The course is not a cure and that was stressed from the start. It is a method that would mean I could speak in any situation without the old fear I used to endure. Since then I have done things that I’d never imagined possible. I got married and made a speech at my wedding. I took a year off work and travelled the world. I have been lucky enough to be asked to instruct on the speech courses in the UK and Australia.

So when, last month, Chris Meintjes, who runs the courses in South Africa, asked me to head to Johannesburg for five days, I jumped at the chance, arranged time off from my accountancy job and had booked my flights within half an hour.

Along with Anton, four other people also signed up. When I met them on the Thursday morning, they couldn’t look me in the eye. They contorted their faces every time they tried to utter a word and withered when they were asked to stand up in front of the group.

Within two hours, they were holding their heads up high and bellowing their names and addresses without any struggle. By the end of the first day, every new student on the course had stood up confidently in front of the entire room and spokne freely without any hint of a stutter.

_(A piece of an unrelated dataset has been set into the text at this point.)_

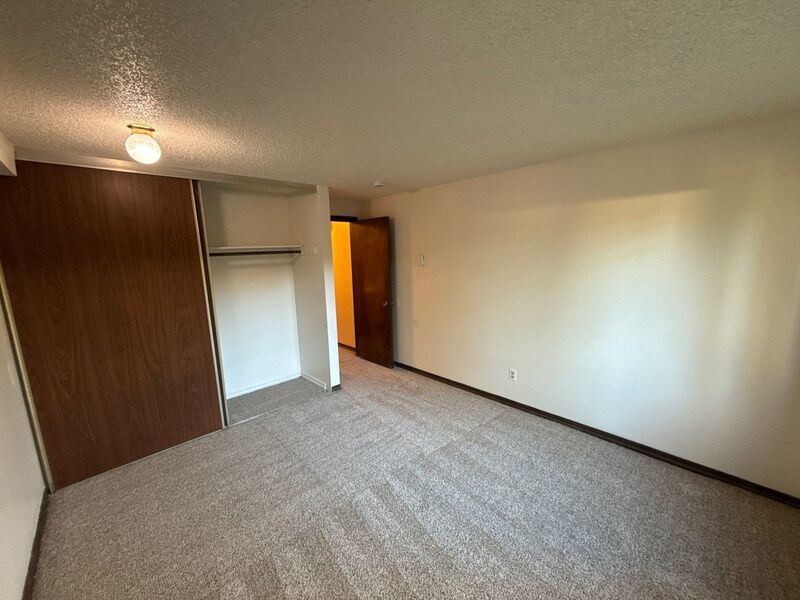 $1,095 First 3 Months, SE Salem 2 Bed 1 Bath, 1st Floor Apartment, Pet's are Welcome, AVAILABLE NOW! property image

THE courses involve long sessions coached by people who have already been through the programme, practising the technique, group speaking activities and going out to use speech in real-life situations.

All five of the new students were nervous, but when they stood up on that soapbox in front of a crowd of strangers in a busy shopping centre.

They were buzzing with excitement. I couldn’t have been more proud: watching their transformation brought all my memories flooding back..

The course has taken me all around the UK, Australia and now to South Africa. The programme is maybe not for everyone who stutters, but for me it was perfect.

I am not a fluent speaker, never have been, never will be. Yet in a bizarre way, I consider myself lucky to have had a stutter. How many other people would get an opportunity to head to the other side of the world and help give some people the thing they’ve dreamt of all their lives?